Functional form
| Option | Description |
|---|---|
Linear | Assumes straight‐line relationships between predictors and outcomes. |
Quadratic | Incorporates second‐degree terms to capture simple non‑linearity. |
Non-linear | Allows arbitrary shape; may use kernels or neural networks. |
Additivity | Effects sum without interaction terms. |
Assumption-free | No explicit functional form assumed. |
Rule-based | Uses decision or logic rules. |
Log-linear | Models on a logarithmic scale. |
Definition
The mathematical flexibility of the model’s structure, ranging from strictly linear or quadratic relationships to fully non‑parametric, additive, or rule‑based formulations.
Explanation
Choosing an appropriate functional form balances bias and interpretability: simpler linear forms offer transparency but may miss curvature, whereas flexible non‑parametric or rule‑based models capture complex patterns at the cost of more demanding data and potential over‑fitting.

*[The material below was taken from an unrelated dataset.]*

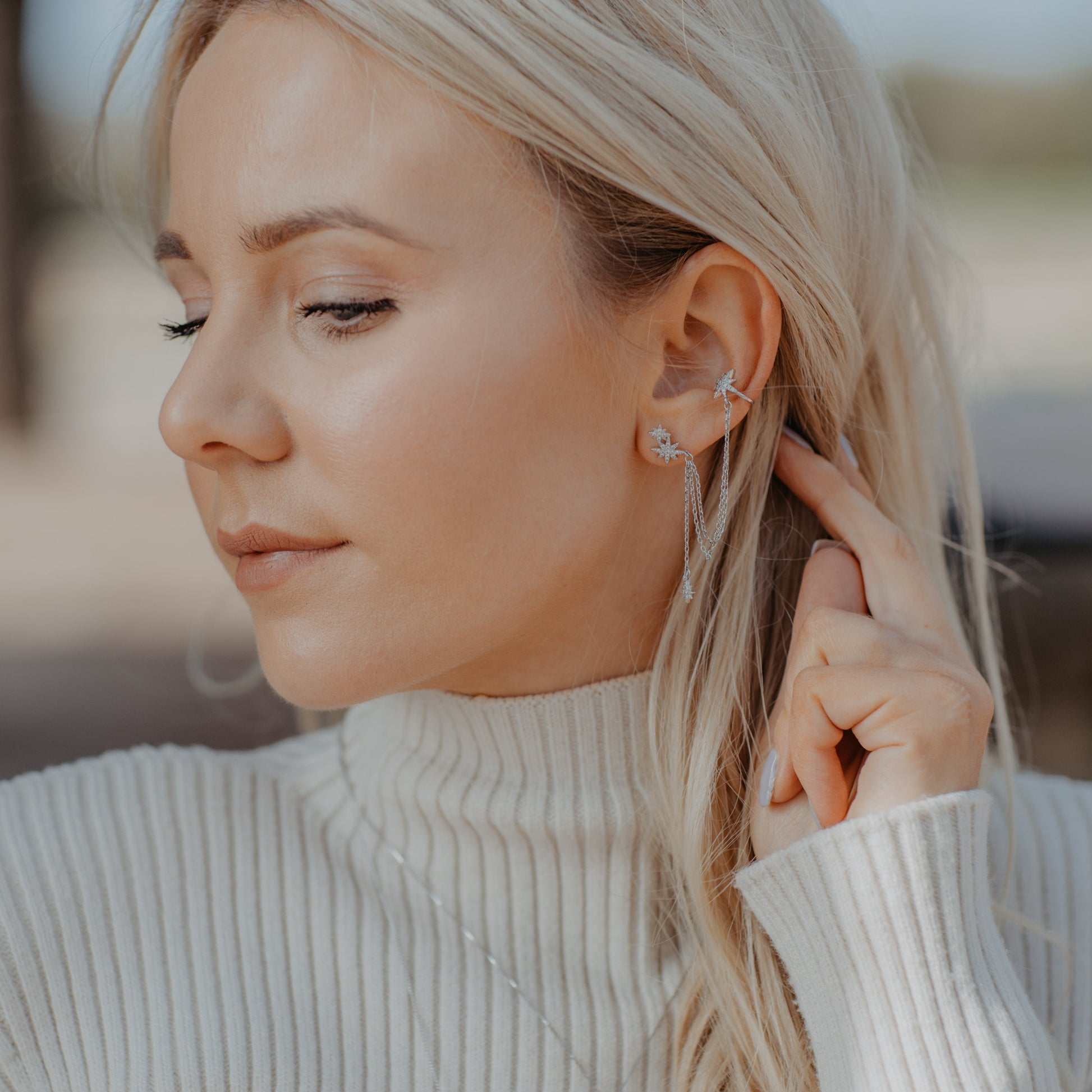 Stellata Ohrring mit Earcuff-2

Tools/rationale for helping assessment
- List your mechanistic or theoretical expectations: do you expect a straight‐line, simple curvature, additive effects, or entirely unknown shape?
- Match explicitly your belief to the best option available
Example
You know from field experiments that tree‐growth response to sunlight saturates (levels off). You therefore expect a non-linear form over a strictly linear one, based on that a priori assumption.